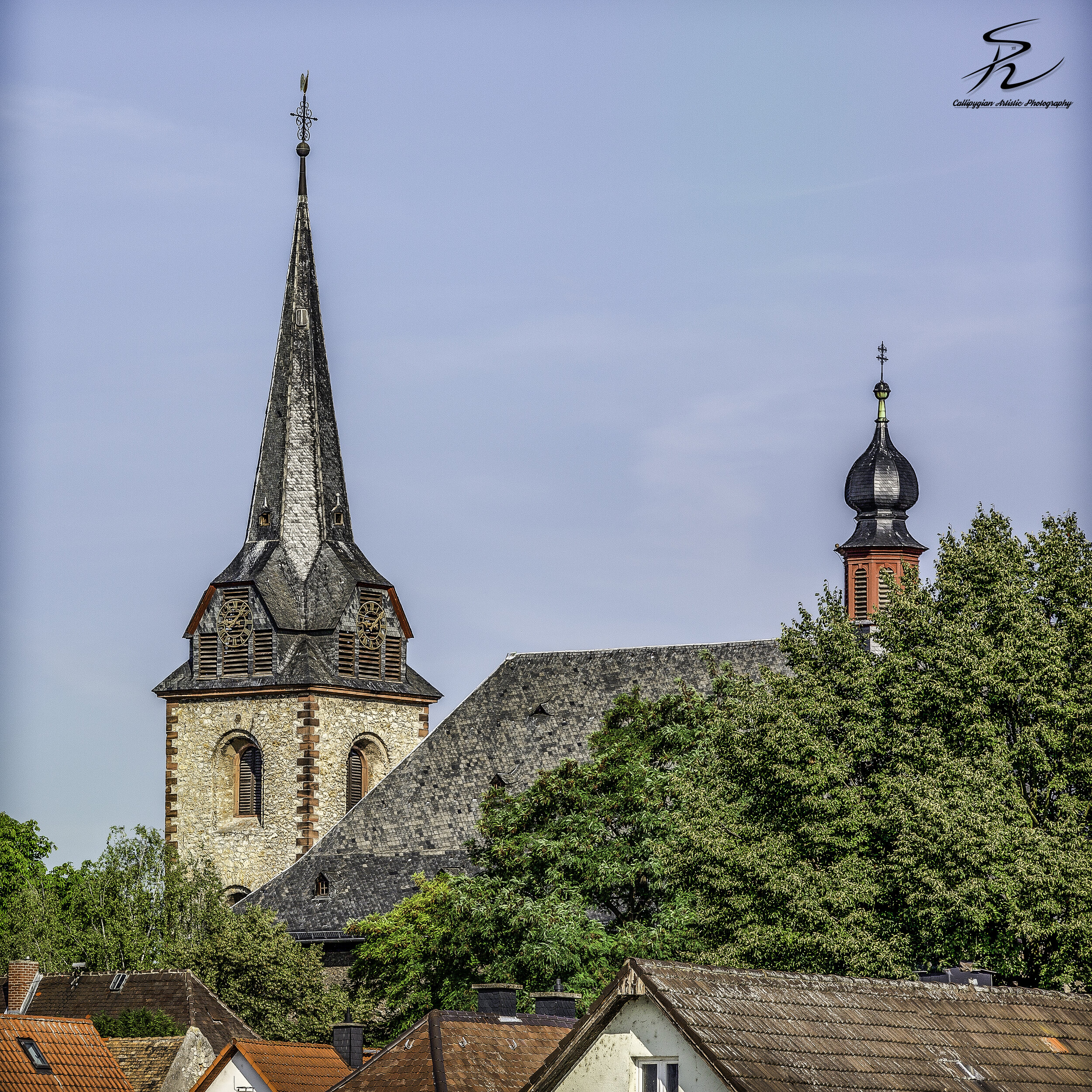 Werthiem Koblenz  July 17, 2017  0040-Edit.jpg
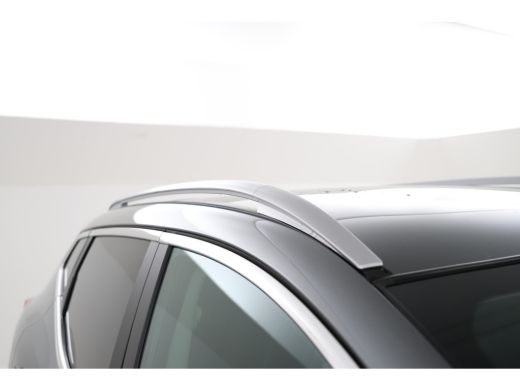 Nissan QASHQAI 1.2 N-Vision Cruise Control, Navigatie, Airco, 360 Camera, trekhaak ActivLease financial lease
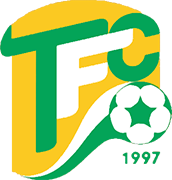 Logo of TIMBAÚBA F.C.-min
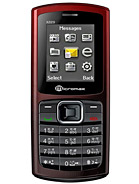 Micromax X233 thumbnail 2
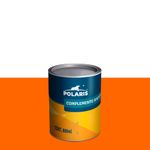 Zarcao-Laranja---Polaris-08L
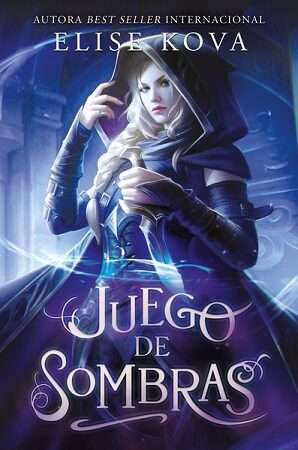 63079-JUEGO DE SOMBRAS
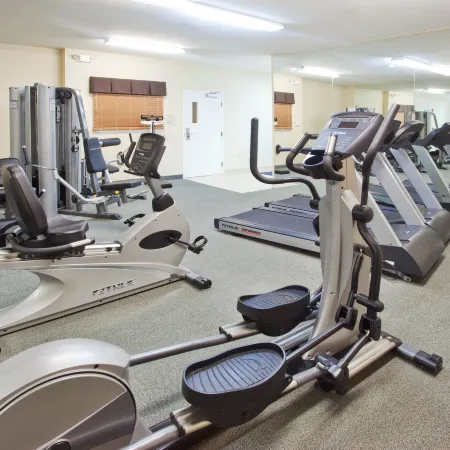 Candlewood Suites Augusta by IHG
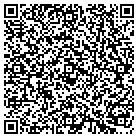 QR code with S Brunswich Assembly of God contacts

§ §

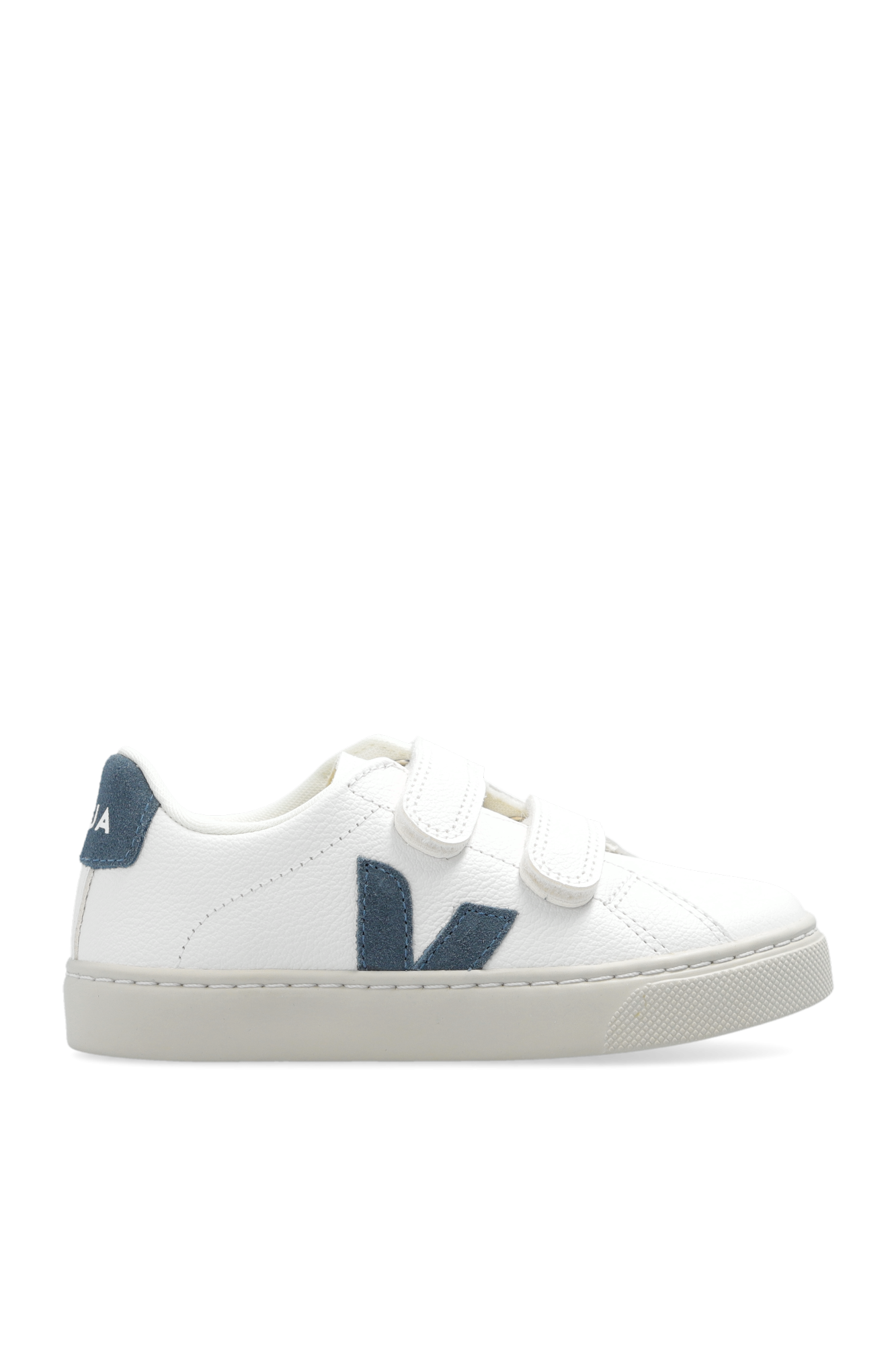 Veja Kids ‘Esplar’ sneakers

§ §

INSTRUCTIONS TO FOLLOW => Print the line above containing "July 17, 2017", the line containing "QR code with", and everything between them, exactly as written. Pictures stay out.

TASK OUTPUT =>
 Werthiem Koblenz  July 17, 2017  0040-Edit.jpg
 Nissan QASHQAI 1.2 N-Vision Cruise Control, Navigatie, Airco, 360 Camera, trekhaak ActivLease financial lease
 Logo of TIMBAÚBA F.C.-min
 Micromax X233 thumbnail 2
 Zarcao-Laranja---Polaris-08L
 63079-JUEGO DE SOMBRAS
 Candlewood Suites Augusta by IHG
 QR code with S Brunswich Assembly of God contacts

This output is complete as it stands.